== Task prompt ==
Make an exact copy of every entry.

== Input material ==
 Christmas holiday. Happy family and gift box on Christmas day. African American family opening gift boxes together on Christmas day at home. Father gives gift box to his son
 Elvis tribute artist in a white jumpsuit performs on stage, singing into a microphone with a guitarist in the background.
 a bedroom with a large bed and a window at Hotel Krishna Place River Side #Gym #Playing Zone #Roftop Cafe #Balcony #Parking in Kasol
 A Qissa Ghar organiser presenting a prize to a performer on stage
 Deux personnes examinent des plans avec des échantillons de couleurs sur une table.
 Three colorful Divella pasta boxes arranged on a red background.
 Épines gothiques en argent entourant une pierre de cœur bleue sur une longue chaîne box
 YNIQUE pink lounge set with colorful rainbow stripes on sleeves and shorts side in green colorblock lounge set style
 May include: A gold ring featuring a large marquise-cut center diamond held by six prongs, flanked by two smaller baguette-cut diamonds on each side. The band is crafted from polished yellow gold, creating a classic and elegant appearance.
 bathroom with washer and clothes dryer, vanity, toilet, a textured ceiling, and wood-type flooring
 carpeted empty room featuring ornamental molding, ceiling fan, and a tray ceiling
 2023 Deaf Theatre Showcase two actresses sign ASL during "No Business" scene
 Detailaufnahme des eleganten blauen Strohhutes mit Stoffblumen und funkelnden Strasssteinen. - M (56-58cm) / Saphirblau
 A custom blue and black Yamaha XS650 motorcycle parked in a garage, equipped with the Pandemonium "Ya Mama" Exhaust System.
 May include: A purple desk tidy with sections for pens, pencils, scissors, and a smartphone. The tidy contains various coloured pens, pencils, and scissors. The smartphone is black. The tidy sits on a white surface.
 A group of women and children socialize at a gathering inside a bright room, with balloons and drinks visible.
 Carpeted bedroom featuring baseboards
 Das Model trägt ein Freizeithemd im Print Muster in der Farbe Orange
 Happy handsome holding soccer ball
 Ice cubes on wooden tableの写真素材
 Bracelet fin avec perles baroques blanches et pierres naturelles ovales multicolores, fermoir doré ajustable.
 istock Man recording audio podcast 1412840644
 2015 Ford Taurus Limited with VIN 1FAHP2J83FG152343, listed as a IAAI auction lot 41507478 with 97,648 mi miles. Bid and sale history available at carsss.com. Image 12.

== Task result ==
 Christmas holiday. Happy family and gift box on Christmas day. African American family opening gift boxes together on Christmas day at home. Father gives gift box to his son
 Elvis tribute artist in a white jumpsuit performs on stage, singing into a microphone with a guitarist in the background.
 a bedroom with a large bed and a window at Hotel Krishna Place River Side #Gym #Playing Zone #Roftop Cafe #Balcony #Parking in Kasol
 A Qissa Ghar organiser presenting a prize to a performer on stage
 Deux personnes examinent des plans avec des échantillons de couleurs sur une table.
 Three colorful Divella pasta boxes arranged on a red background.
 Épines gothiques en argent entourant une pierre de cœur bleue sur une longue chaîne box
 YNIQUE pink lounge set with colorful rainbow stripes on sleeves and shorts side in green colorblock lounge set style
 May include: A gold ring featuring a large marquise-cut center diamond held by six prongs, flanked by two smaller baguette-cut diamonds on each side. The band is crafted from polished yellow gold, creating a classic and elegant appearance.
 bathroom with washer and clothes dryer, vanity, toilet, a textured ceiling, and wood-type flooring
 carpeted empty room featuring ornamental molding, ceiling fan, and a tray ceiling
 2023 Deaf Theatre Showcase two actresses sign ASL during "No Business" scene
 Detailaufnahme des eleganten blauen Strohhutes mit Stoffblumen und funkelnden Strasssteinen. - M (56-58cm) / Saphirblau
 A custom blue and black Yamaha XS650 motorcycle parked in a garage, equipped with the Pandemonium "Ya Mama" Exhaust System.
 May include: A purple desk tidy with sections for pens, pencils, scissors, and a smartphone. The tidy contains various coloured pens, pencils, and scissors. The smartphone is black. The tidy sits on a white surface.
 A group of women and children socialize at a gathering inside a bright room, with balloons and drinks visible.
 Carpeted bedroom featuring baseboards
 Das Model trägt ein Freizeithemd im Print Muster in der Farbe Orange
 Happy handsome holding soccer ball
 Ice cubes on wooden tableの写真素材
 Bracelet fin avec perles baroques blanches et pierres naturelles ovales multicolores, fermoir doré ajustable.
 istock Man recording audio podcast 1412840644
 2015 Ford Taurus Limited with VIN 1FAHP2J83FG152343, listed as a IAAI auction lot 41507478 with 97,648 mi miles. Bid and sale history available at carsss.com. Image 12.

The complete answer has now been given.